La Bossi - Fini va riformata o abrogata ma non per sola lotta politica tra partiti. «L'idea di frontiera è cambiata e ora bisogna capire se l'Europa intenda difendere la frontiera tracciata con il trattato di Schengen e prendere atto che nella storia non c'è mai stata un'unione di Stati… ». L’Europa con la ‘€’ è la stessa che ha finanziato i progetti con la 488, i cui fondi sono spesso finiti in mani criminali o sono stati spesi per finalità diverse da quelle previste dai progetti. Europa con la ‘E’ e non soltanto con la ‘€’. La ‘E’ - infatti - è la vocale rivoluzionaria di “Égalité”, secondo termine del motto nazionale della Repubblica Francese
Lampedusa, 05/10/2013 – Il vicepremier Angelino Alfano ha annunciato che l'Italia proporrà l'isola di Lampedusa per il premio Nobel per la pace, dopo l’ecatombe di migranti di avantieri.
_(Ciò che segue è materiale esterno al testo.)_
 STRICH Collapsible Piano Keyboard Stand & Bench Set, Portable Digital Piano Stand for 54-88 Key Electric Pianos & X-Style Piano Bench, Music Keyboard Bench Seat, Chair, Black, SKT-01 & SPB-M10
Ancora decine di corpi giacciono nella bara fatale che li aveva già trasportati ad un passo dal Nuovo Mondo e il mondo ‘civile’ cerca (as)soluzioni alla tragedia: abrogare la legge Bossi-Fini, premio Nobel, ospitalità dei superstiti a Roma, etc. Tutte cose che avrebbero comunque un senso se
solo si potesse tornare indietro. Se
solo si potesse immaginare Lampedusa non come un’isola siciliana, uno zerbino su cui asciugarsi i piedi mettendo… piede il Italia da “clandestini”.
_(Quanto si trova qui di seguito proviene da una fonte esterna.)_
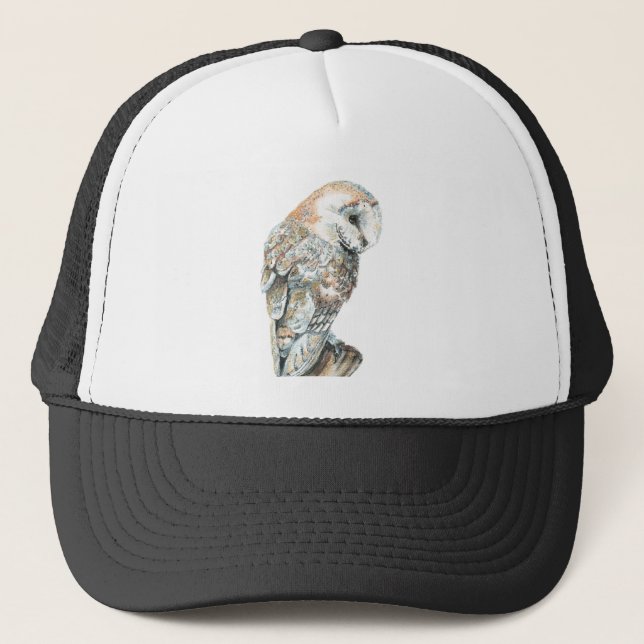 Casquette Aquarelle Chouette Oiseau Nature Faune Art (Devant)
Lo ha detto Papa Francesco, pronunciando “vergogna”, Lampedusa non può che essere vista come un molo di attracco verso la libertà, verso l’Europa con la ‘E’ (e non soltanto con la ‘€’). La ‘E’ - infatti - è la vocale rivoluzionaria di “Égalité”, secondo termine del motto nazionale della Repubblica Francese.
Égalité, uguali tutti, senza differenze per nascita, condizione sociale o colore della pelle. Lo Stato di diritto attuato con la Rivoluzione Francese.
Ergo, si, la Bossi-Fini va riformata, 'scancellata', decapitata, abrogata, ma non basta, se non a dare a questa ecatombe una strumentalità politica e basta. E ciò serve solo ai partiti politici, agli stessi responsabili di quanto al momento regola in Italia l’ingresso dei “clandestini” nel nostro territorio nazionale: cioè a Lampedusa e dintorni.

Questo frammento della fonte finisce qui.